These are the submissions that led the trial magistrate to make his decision.

The appellant on the other hand contended that he realises about US$150-00 per month from the cell phone repair business. He denied that he earned US$300-00 per month from the business. He also indicated that the money for their child who attends crèche is in fact provided by his young brother.

The record of proceedings does not show that either party was asked to justify their figures; it was a question of each party merely stating their position.

It is my view that the magistrate ought to have made an effort to establish the veracity of the statements on the income and expenditure of the parties. The standard of living of the parties when they were living together ought to have been inquired upon so as to determine the standard of living the children were expected to enjoy. In the absence of such an inquiry clearly, the magistrate failed to come up with a figure that appellant could afford without compromising the children’s standard of living.

In view of the dearth of evidence we allowed the parties to make submissions on pertinent issues relevant to ascertaining the ability of appellant to pay and the need for the children to be adequately catered for.

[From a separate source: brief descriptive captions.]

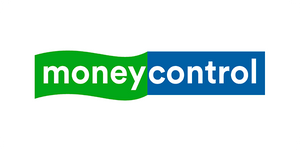 Moneycontrol.png__PID:ff17d57a-fdbd-4419-a5a5-178cede97473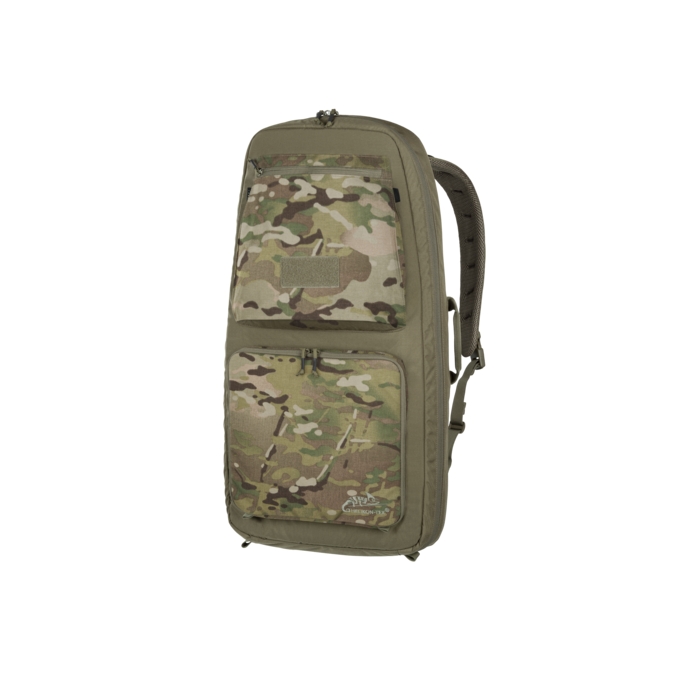 HELIKON SBR Carrying Bag® - MultiCam® / Adaptive Green A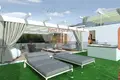2 bedroom apartment 293 m² Padenghe sul Garda, Italy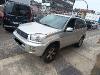 Toyota Rav-4 2.0 4wd 150 5 Puertas ocasion
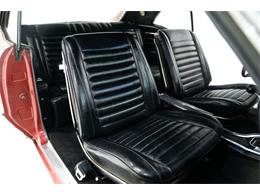 1967 Oldsmobile 442 (CC-1943373) for sale in Montreal, Quebec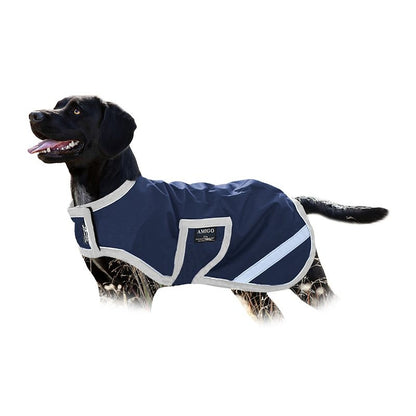 Amigo Dog Rug Ripstop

It was clear from the submissions that since the making of the order on 10 February 2014, the appellant has been failing to pay. He has been incarcerated on about two occasions for failure to pay the amount ordered. On each of the occasions of incarceration he was bailed out by relatives. It was clear to us that his ability to pay was not properly assessed. He did not impress us as someone who was just stubborn and so willing to go to prison despite being able to pay. The source of his income was unstable. It was clear that appellant did not earn the sum alleged by respondent. The respondent could not say how she came up with the figure of US$300 per month as she was not involved in appellant’s business. The figure appeared more of her estimation without a sound basis.

It was also clear that the standard of living she wanted the children to have was not the one the family used to have. On the crèche fees for their child she did not dispute the fact that they were in fact being assisted by appellant’s brother who shares the same name as that child. To this effect she did not dispute the various receipts of money sent by that brother for the child’s fees. Thus whilst the court a quo may have considered the payment of US$70 for crèche fees as indicative of appellant’s ability to pay, this was in fact not so. The parties themselves could not afford to pay such school fees.

The documents produced showed that appellant had fallen in arrears in respect of some service providers. The respondent could not deny that this was probably because of the limited revenue from appellant’s business.

Upon a careful analysis of the submissions made by the parties we are of the view that appellant cannot afford the sum of US$150 per month.

Whilst appreciating the need to provide reasonable maintenance for the children, we are of the view that the sum must take into account the ability of the responsible person to pay the sum and also the standard of living of that responsible person. A maintenance order is not supposed to be punitive in nature. It must however provide adequately for the children within the appellant’s standard of living. We are however of the view that the appellant’s offer of US$ 40-00 per month for the two minor children is inadequate. The appellant should be able to pay more than that from his meagre income.

In the circumstances, we are of the view that a sum of US$50 per child per month would be within appellant’s means.

The appeal thus succeeds to the extent that the order by the court a quo is hereby set aside and is substituted by the following:-

The appellant is hereby ordered to pay maintenance for the two minor children in the sum of US$ 50-00 per month per child with effect from February 2014 until each child attains the age of 18 years or becomes self supporting whichever is earlier. The maintenance amount shall be deposited into respondent’s bank account as provided by her.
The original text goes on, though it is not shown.